Second, big states attract the attention of control freaks and the greedy. The more money that is stashed in state coffers then the more there is to be leeched away by bloodsuckers and parasites. Having pinched one slice of the pie, it is difficult to stop them from salivating for another, and then more after that. Once government intervention has destroyed all productivity, with no more pies left to be eaten, the siren song of war becomes ever sweeter to governments and their sponsors, not only as a distraction from their own economic mismanagement but as a way forward to secure a flow of resources from abroad. As a bonus, they get to tighten their grip on the domestic citizenry through lasting wartime or “emergency” measures.
Nor must we forget, for the political class, the allure of graduating to the level of a wartime leader or “warrior”. Vanquishing a foreign enemy, or saving one’s people from an overseas threat (real or imagined), is judged to be the pinnacle of statesmanship, worthy of the highest honours and decorations. The fostering of “mere” peace and prosperity, on the other hand, is rather dull and uninspiring. Indeed, the most highly rated leaders all made their mark during wartime, or, at least, were perceived as “hawks”: Lincoln during the War between the States, Roosevelt and Churchill during World War II, and Reagan and Thatcher during the Cold War, for instance. Even our study of history tends to be enthralled to conquerors such as Alexander the Great or Napoleon. Only when a conflict becomes so obviously pointless, futile and unjustified – such as those in Vietnam and Iraq – does this strategy backfire, as it did upon Johnson, Nixon and the Bush/Blair duo.
Finally, in countries which have a history of relative freedom, the degree of state intervention necessary to create alleged social or economic benefits has usually been a legacy of wartime control. The institutions of the New Deal, for example, had their precedent in the wartime regime of Woodrow Wilson; World War II on the New Deal; the post-war “Great Society”, the fight against poverty and the Civil Rights era all came after these wartime regimes were firmly in place. The citizenry have to be “united” (or worn down) by something such as war before they can ever begin to accept the degree of interference necessary to promote big state measures during peacetime. Ironically, therefore, a lot of the big government cravings of the anti-war left – if they ever have the hope of seeing the light of day – are reliant upon war. The cycle then continues as a bigger state begets more war.

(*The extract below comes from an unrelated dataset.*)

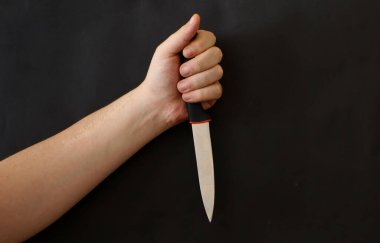 Siyah arka planda keskin bir bıçak tutan el. Suç mahalli, cinayet, saldırgan ve suç artışı kavramı arkaplan resmi.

In sum, therefore, to be anti-war but pro-state is the epitome of all dangerously ill-informed and contradictory positions, giving birth to the very thing it seeks to destroy. Rather, to be anti-war one must also be thoroughly and unreservedly anti-state, recognising this evil entity for precisely what it is – perpetual and endless conflict and violence. Only when we are well and truly rid of this scourge will there ever be a chance for peace.